#### Work to be completed
Below is a block of records: output all of them exactly and leave out the pictures.

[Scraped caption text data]
━━━━━━━━━━━━━━━━━━━━━━━━━━━━━━
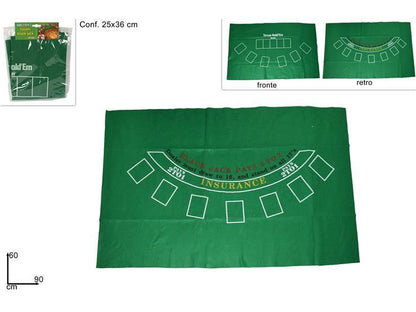 Panno Copritavolo Per Tavolo Da Poker Texas Blackjack Fiches Carte Verde 60X90
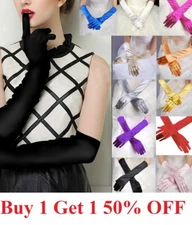 Women's Satin Long Gloves Opera Wedding Bridal Evening Party Prom Costume Glove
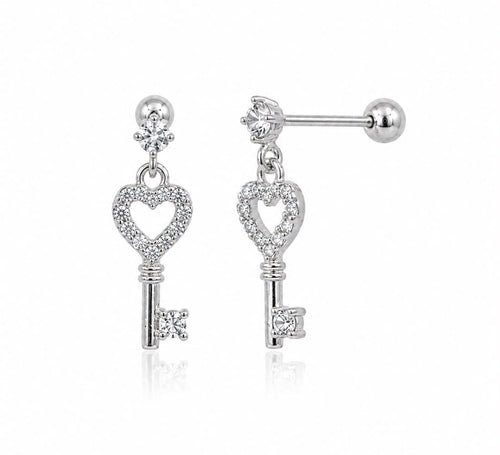 Anti-Tarnish Stainless Steel Rhodium Silver CZ Key Heart Drop Stud Earrings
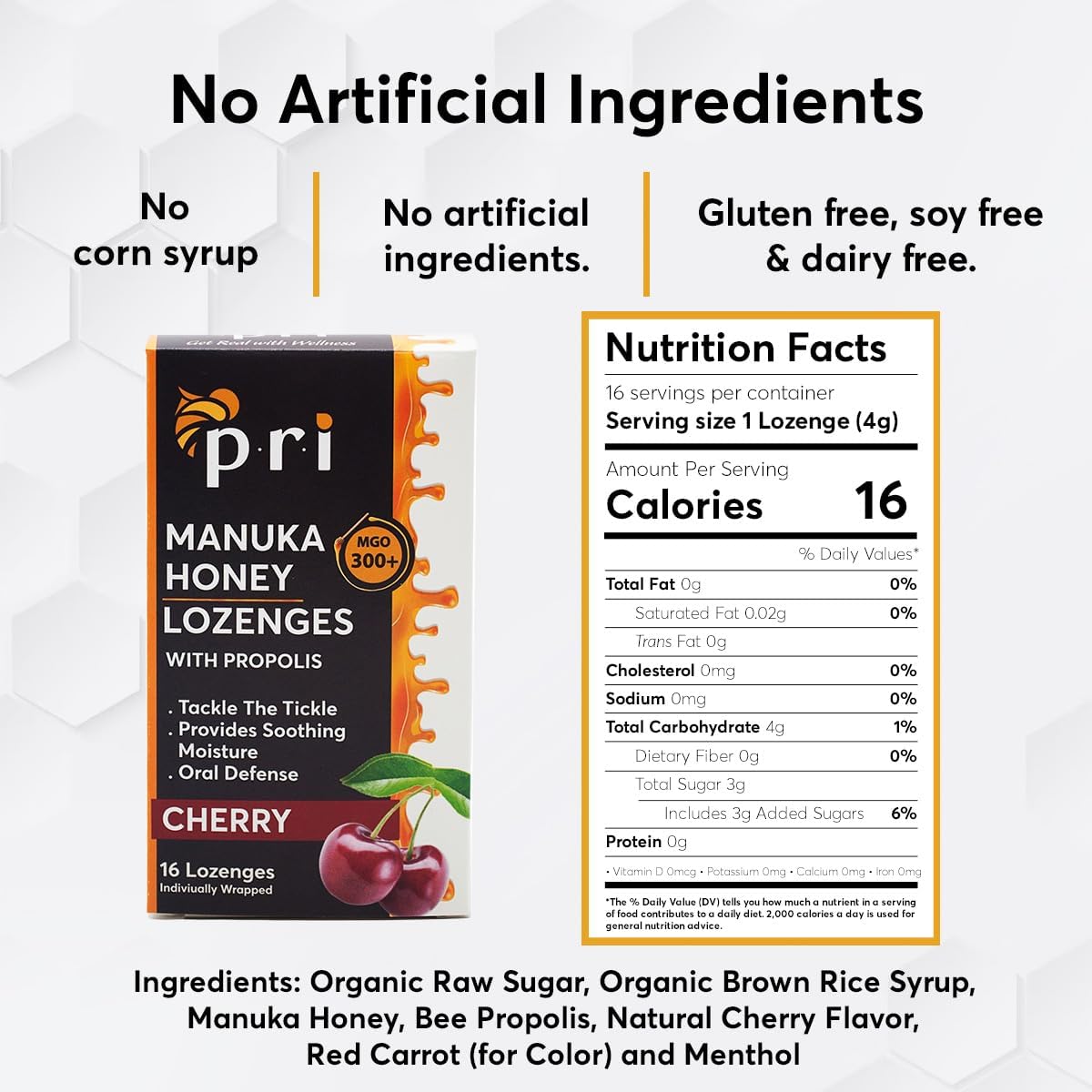 P.R.I Manuka Honey Lozenges with Propolis, Cherry Cough Drops | Natural Throat Drops, MGO 300+ Certified (16 Count, 2 Pack) - Image 5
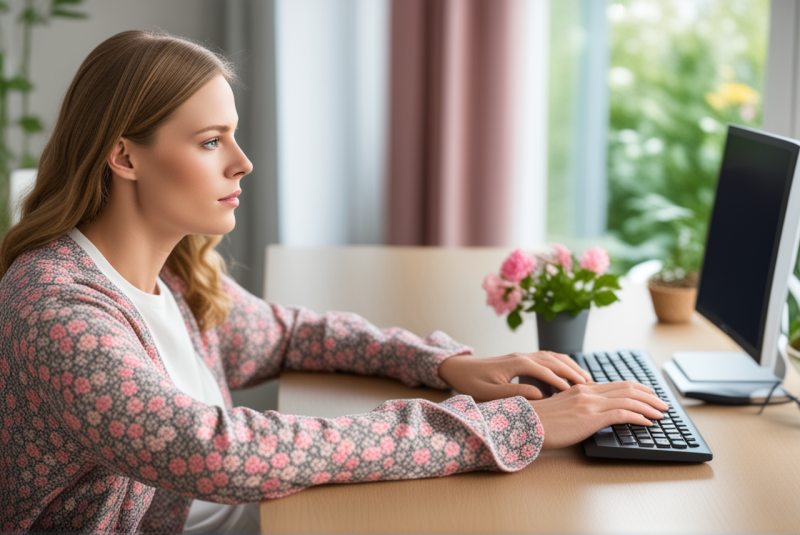 Vrouw aan het werk.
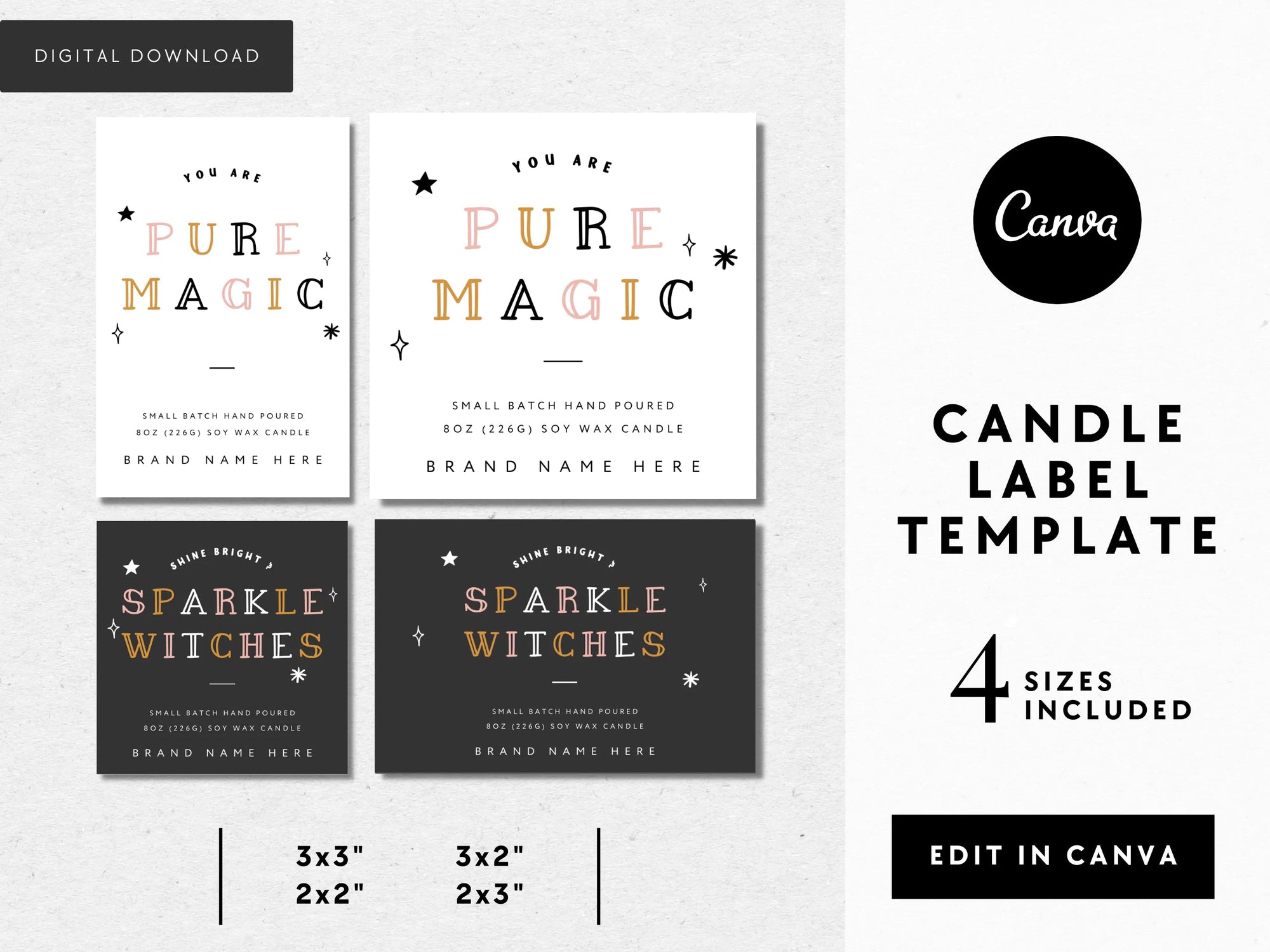 Cute Pastel Halloween Candle Label Canva Template - Trendy Fox Studio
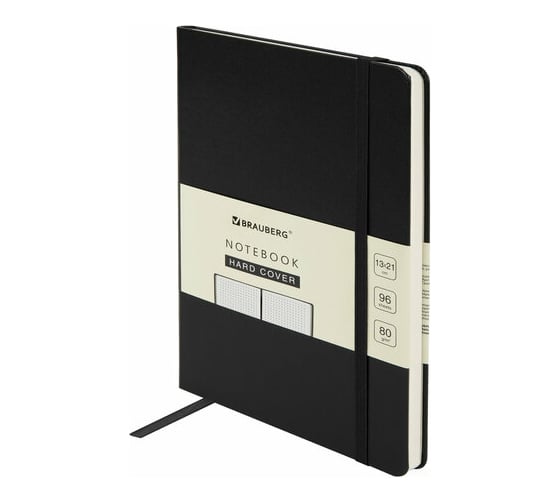 Изображение товара Блокнот BRAUBERG ULTRA А5 130x210 мм, балакрон, 80 г/м2, 96 листов, в точку, черный 113040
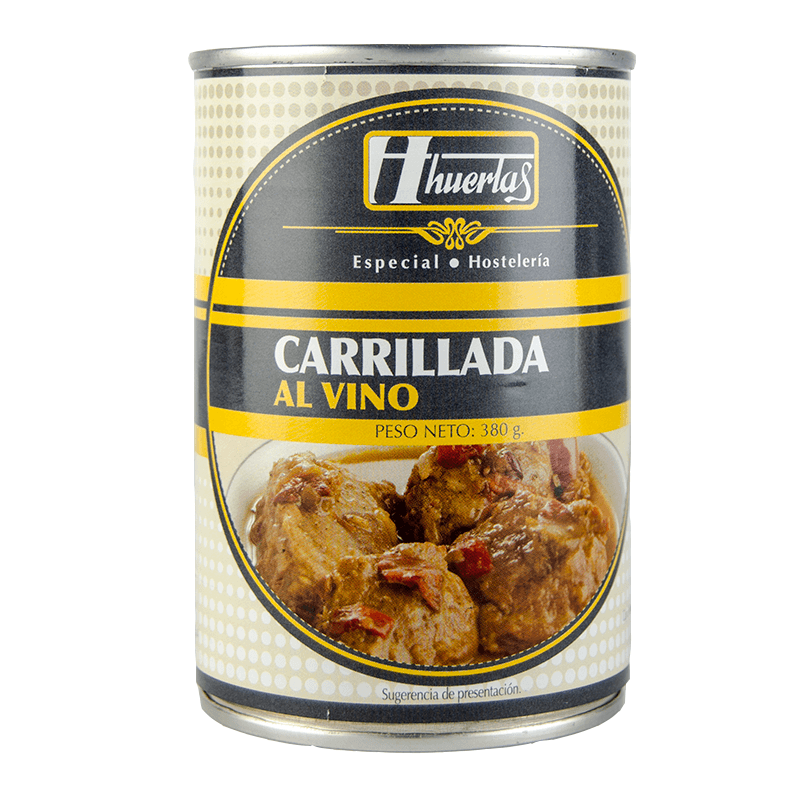 Carrillada de cerdo al vino, 380 g. Huertas.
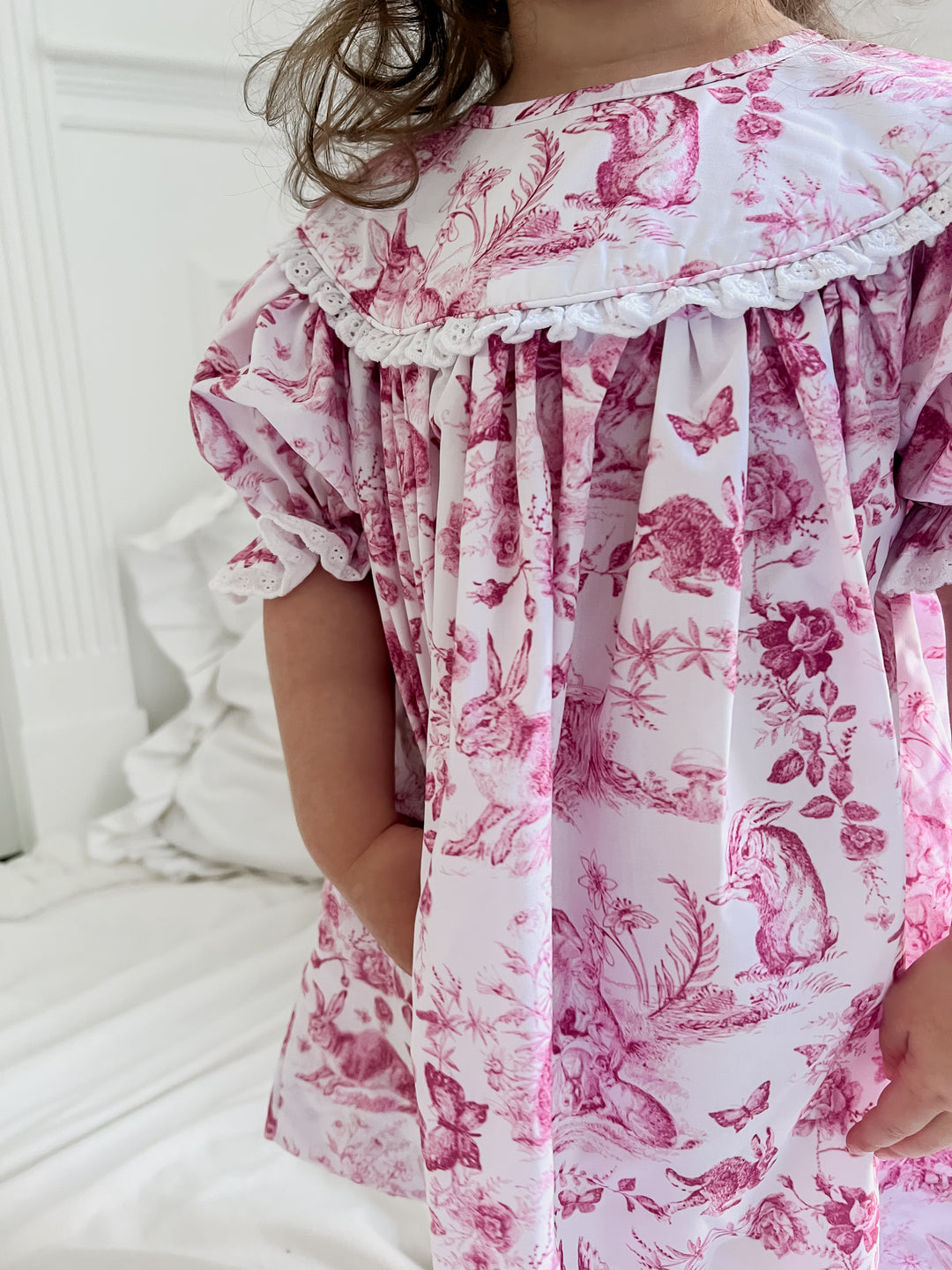 Pink Easter Toile Dress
━━━━━━━━━━━━━━━━━━━━━━━━━━━━━━
#### Problem solution
 Panno Copritavolo Per Tavolo Da Poker Texas Blackjack Fiches Carte Verde 60X90
 Women's Satin Long Gloves Opera Wedding Bridal Evening Party Prom Costume Glove
 Anti-Tarnish Stainless Steel Rhodium Silver CZ Key Heart Drop Stud Earrings
 P.R.I Manuka Honey Lozenges with Propolis, Cherry Cough Drops | Natural Throat Drops, MGO 300+ Certified (16 Count, 2 Pack) - Image 5
 Vrouw aan het werk.
 Cute Pastel Halloween Candle Label Canva Template - Trendy Fox Studio
 Изображение товара Блокнот BRAUBERG ULTRA А5 130x210 мм, балакрон, 80 г/м2, 96 листов, в точку, черный 113040
 Carrillada de cerdo al vino, 380 g. Huertas.
 Pink Easter Toile Dress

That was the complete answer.